If you can support them,please send any message and support them.

Best Wishes from TOKYO

Yukihiko YOSHIDA

Their websites:
http://www.marthagrahamcenter.com Old Page
http://www.marthadancers.org      NewPage
http://www.danceinsider.com/
You can see some infomation and the processes of trouble
http://www.danceinsider.com/

===== the text which released one year ago =======
Dear Friends and Colleagues

The future of Martha Graham's body of work, universal in its scope is in grave
danger, and faces the very real prospect of extinction.  We, the dancers of the
Martha Graham Dance Company and many of the dancers who preceded us, believe
this tragedy is avoidable and that immediate, concerted action by the
international artistic community is essential.  Martha's work has been our life
- and her Company our livelihood.  We now ask for your support in our struggle
to revive the Company and to rescue the precious legacy of Martha Graham.  For
that to happen, we believe certain issues must be understood and candidly
addressed.

On May 25, 2000 the Board of Trustees of the Martha Graham Center for
Contemporary Dance voted to suspend operations of the Martha Graham Dance
Company, the Martha Graham School and its Ensemble.  Since the death of Martha
Graham in 1991 a gulf has grown between The Center whose function it is to
perform and teach the Graham works and Mr. Ron Protas who recently established
the Martha Graham Trust to administer his rights to the works of Martha Graham.
The May 25th decision was a direct consequence of the Board's inability to
raise funds because of the intractable, longstanding conflict over artistic
issues and finances between the Center and Mr.  Protas.  This and the failure
of Mr. Protas to honor an agreement to step down as artistic director of the
Company are at the core of the tragic situation imperiling the survival of the
entire Center.

Mr. Protas inherited Martha Graham's works and it is apparent to us that his
exploitation of this position has alienated presenters, sponsors and members of
the philanthropic community thus preventing the Center from receiving the
grants and funds necessary to ensure its survival.  He also has a history of
adversarial, contentious relationships with past and present dancers and staff
that has produced a destructive working environment.  In addition, he has now
announced that he has withdrawn permission for the Martha Graham Dance Company
to perform all the ballets she created on the Company ?  while at the same time
continuing to license those works to other companies.  These actions and his
egregious behavior have created the untenable situation that undermines the
Company and threatens the legacy of Martha Graham.  We believe that renewed
negotiations between the Trust and the Center to restructure the relationship
between them are necessary.  Such a restructuring must ensure a respectful,
constructive, artistically driven working environment with complete autonomy
for the Center and allow invaluable contributions of past and present artists
of the Graham Company and School to be respected and utilized.

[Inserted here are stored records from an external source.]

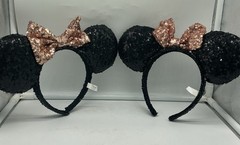 Lot of 2 Disney Parks Minnie Mouse Sequin Ears Black & Gold Bow Headbands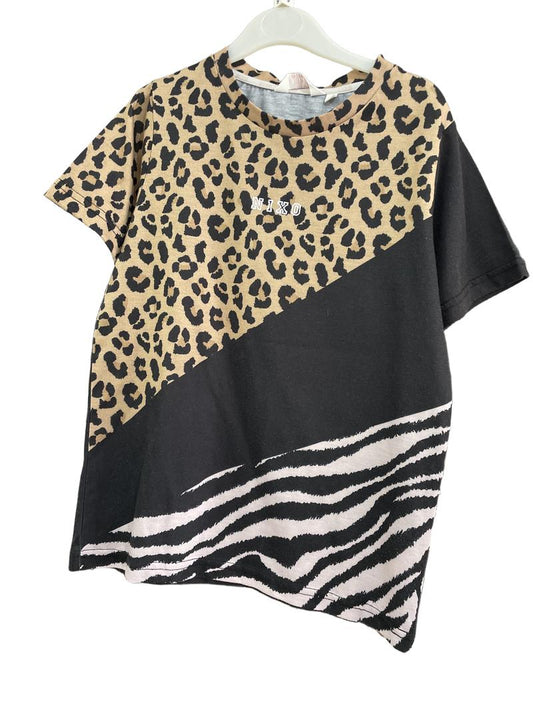 Preloved Nixo - Beige Black Cheetah Print Stripe Nixo Short-sleeved T Shirt (9-10y) - Top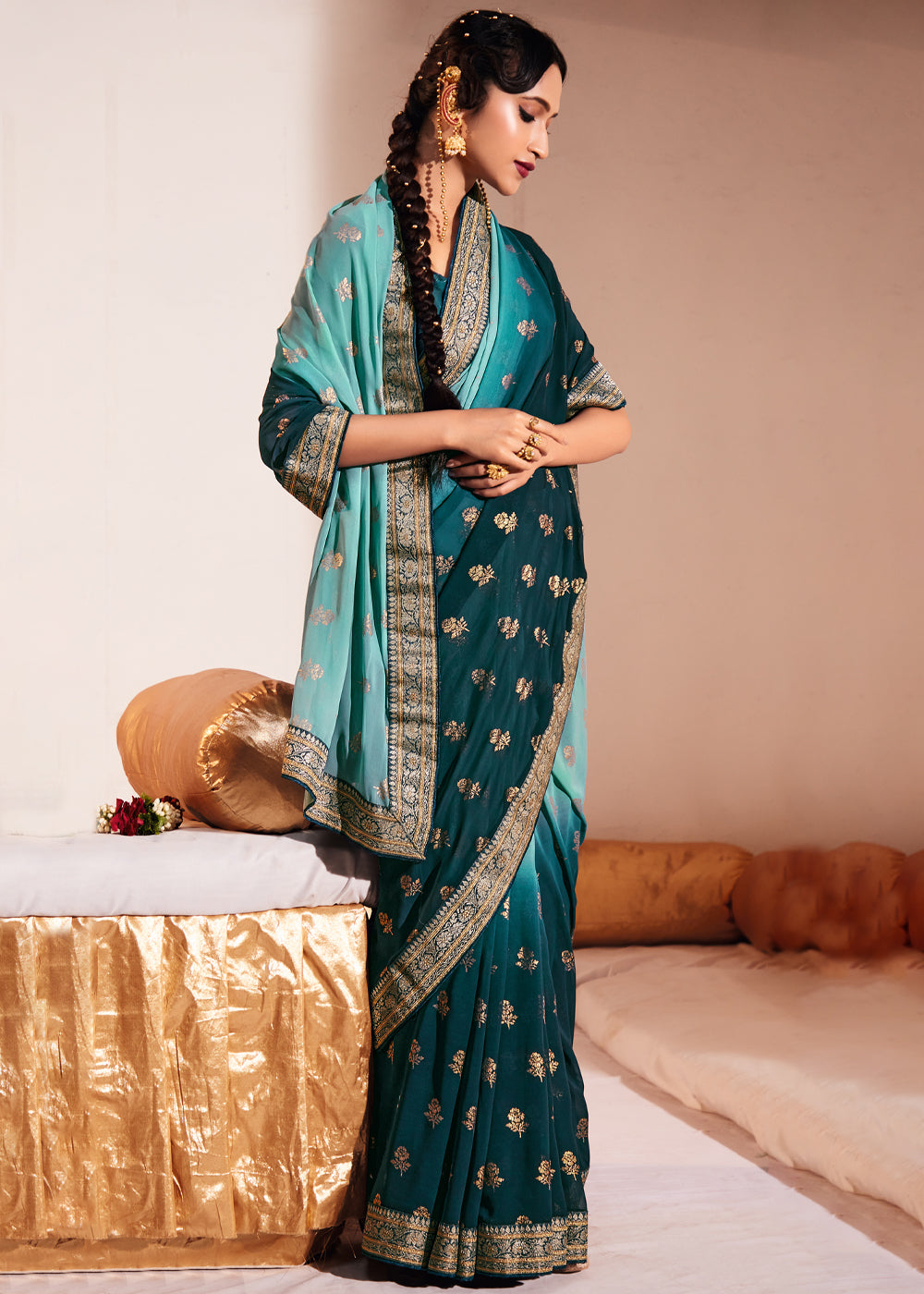 Keppel Blue Woven Georgette Silk Saree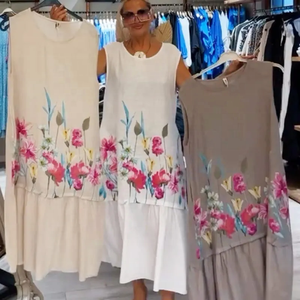 Nuevo Vestido Midi Elegante sin Mangas con Estampado Floral para Mujer, Tela Ligera y Transpirable, Cuello Redondo, Corte en A - Product Image 2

If other companies are to license the ballets from the Trust WITHOUT the
Company existing to set the standard for Martha Graham's works, the aesthetic
values she devoted her life to will be gravely and forever diminished.
Throughout the Company's existence and its many generations of dancers, runs
the deep commitment to the Martha Graham technique and theater necessary to the
mastery of her work.  This continuity and commitment makes the Martha Graham
Dance Company the repository of the vast knowledge embodied in her work. It is
imperative that the entire dance community, including Mr. Protas, realize that
should this Company and School close, the world would be deprived of the home
Martha Graham created nearly 75 years ago uniquely dedicated to the creation
and continued performance of her work.  To preserve the integrity of Martha
Graham's work until the Martha Graham Center can be revived, we ask all other
dance companies and institutions to refrain from licensing and performing any
Graham work.  We ask all artists to refrain from participating in the mounting
of any Graham work.  We ask all dancers to refrain from accepting engagements
to perform any Graham work.

All of us know the cost of acting on this statement.  We do so because our
Company and its legacy face extinction.  It is our hope that this tragedy wi ll
give birth to a new and sustainable future for the Company and School uniquely
dedicated to presenting the genius of Martha Graham.  We acknowledge that Mr.
Protas devoted a significant part of his life to Martha Graham and ask that he
honor his commitment to Martha's work by negotiating a new licensing agreement
with the Center to ensure the life of the Company and School.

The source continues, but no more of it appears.